Spark

Police are considering the ethics of AI, too

As policing technology advances, there's an urgent need for ethical guidelines.
Computer generated "predictive policing," zones at the Los Angeles Police Department Unified Command Post (UCP) in Los Angeles. (AP Photo/Damian Dovarganes)

Technology is shaping law enforcement at a rapid rate. While many of these tools can offer more efficient ways to carry out police work, they also have their limitations. 

The technology behind these tools is evolving quickly and has a somewhat unproven track record. That's especially the case with data-driven approaches that use AI for crime forecasting and predictive policing, which involves using past crime data to try and predict future crimes.

Beyond the technological concerns of using AI in law enforcement, there are also ethical concerns. 

Ryan Prox is the Senior Constable in Charge of the Crime Analytics Advisory & Development Unit at the Vancouver Police Department, as well as an adjunct professor in the School of Criminology at Simon Fraser University. He also speaks all over the world, and he recently gave a talk at an AI conference in Dubai called "The Internet of Ethics: Developing an Industry Code of Conduct to Manage the Evolution of AI".

Prox spoke to Spark host Nora Young:


Nora Young: As artificial intelligence has continued to evolve so quickly in law enforcement, what ethical considerations does that raise as far as you see it? 

Ryan Prox: Significant ones. New Orleans police use Palantir as one of their predictive policing technologies. That same engine and that same technology was part and parcel of the Cambridge Analytica fiasco that happened with Facebook, and Palantir was the engine that was driving that data mining. It just kind of reinforces how the ethical considerations are very front and centre, especially for the general public. 

Ethical considerations on the policing side, to sum it up, it's 'garbage in garbage out'. You have bad data ingestion and you have a lot of bad data, you have very bad forecasts and very bad AI interpretations of that. So a lot of that comes down to practices. 

The Stop LA Spying Coalition are looking at how the police are collecting their data, [because] that data then subsequently gets fed into their databases and forms their big data repositories, which then redirects resources. So if you have a team of officers that are racially or prejudicially biased in how they engage, and they are predisposed to go into certain neighborhoods or engage with certain members of the public that are Black or Hispanic, they'll skew the information that they're collecting. 

The AI is agnostic in terms that doesn't have any ethical considerations because it's devoid of that capacity. But if that information at the front end is being ingested in, that then skews the outcome, that's where you get the bias issues in it. And there are some vendors that will promote and say 'well we have ways of vetting through and ensuring bias-free analysis' and quite honestly I think that's a fallacy.

What do you think are the ethical responsibilities for police departments regarding transparency and using some of these technologies?

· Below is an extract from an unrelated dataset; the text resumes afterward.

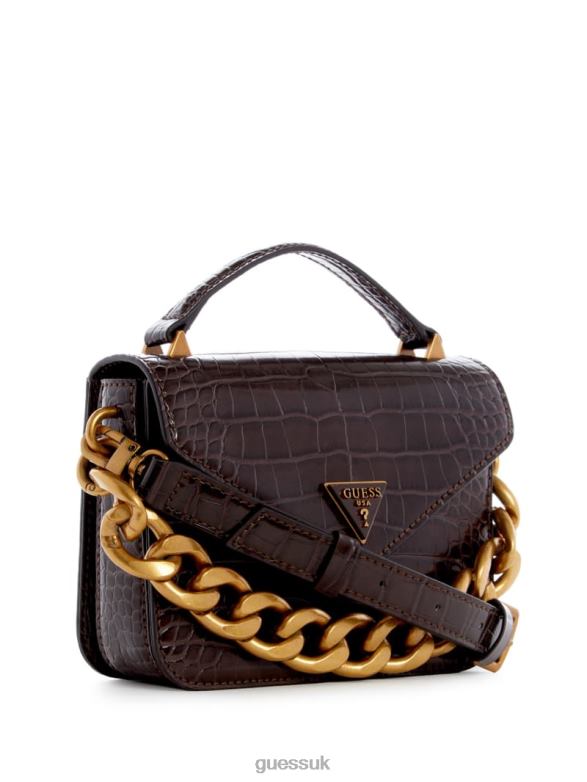 GUESS Women Retour Mini Top Handle Crossbody Espresso Bags V28V62876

Once you build your AI and you're doing your crime forecasting, most of it is built on retraining and a learning mechanism where the software re-evaluates what it's doing and tries to improve on its own programming language. In many cases it rewrites its own code. And after that's happened 20, 30, 100 times, it's almost impossible to deconstruct what the software is now weighting and what it's doing and how it's doing. So the transparency kind of goes out the window. So the best you can hope for is to look at outcomes, and you can still evaluate that and be very transparent in what the outcomes are.   

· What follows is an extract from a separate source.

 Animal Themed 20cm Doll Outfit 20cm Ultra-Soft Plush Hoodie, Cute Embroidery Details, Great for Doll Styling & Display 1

So do you think that there is scope for AI or some of these other data-driven technologies to be used in police services in Canada?

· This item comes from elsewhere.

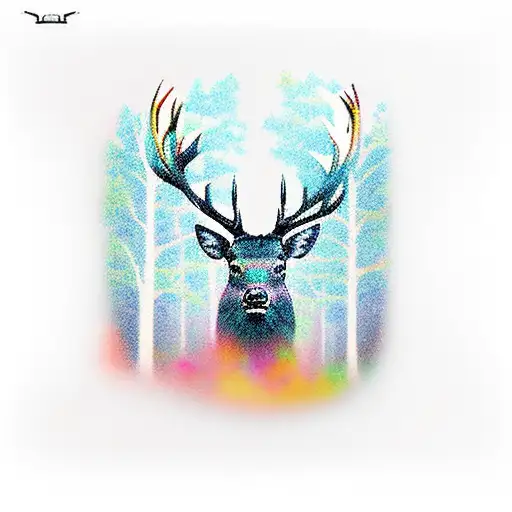 Stag In Misty Forest For Upper Arm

I think AI does hold the option of potentially getting greater efficiencies and being better at doing what we do. But it has to be implemented with a degree of caution, and with a retrospective lens of: as we move forward, what mechanisms do we have in place to guard against biases? Do we have quality control mechanisms at the front end? Is there supervision and oversight over how police officers are engaging with the public? And are we able to ensure that the data that we're ingesting? How is that being exercised? How is that being practiced and is there oversight over how that's being done? Are they following proper procedures when they do a street check or engage with the public? Are they doing it in a lawful manner? And are there any potential biases that are entering into the officers' engagement process? And if so, what mechanisms are in place to either catch that, address it, or if it's happening, fix it?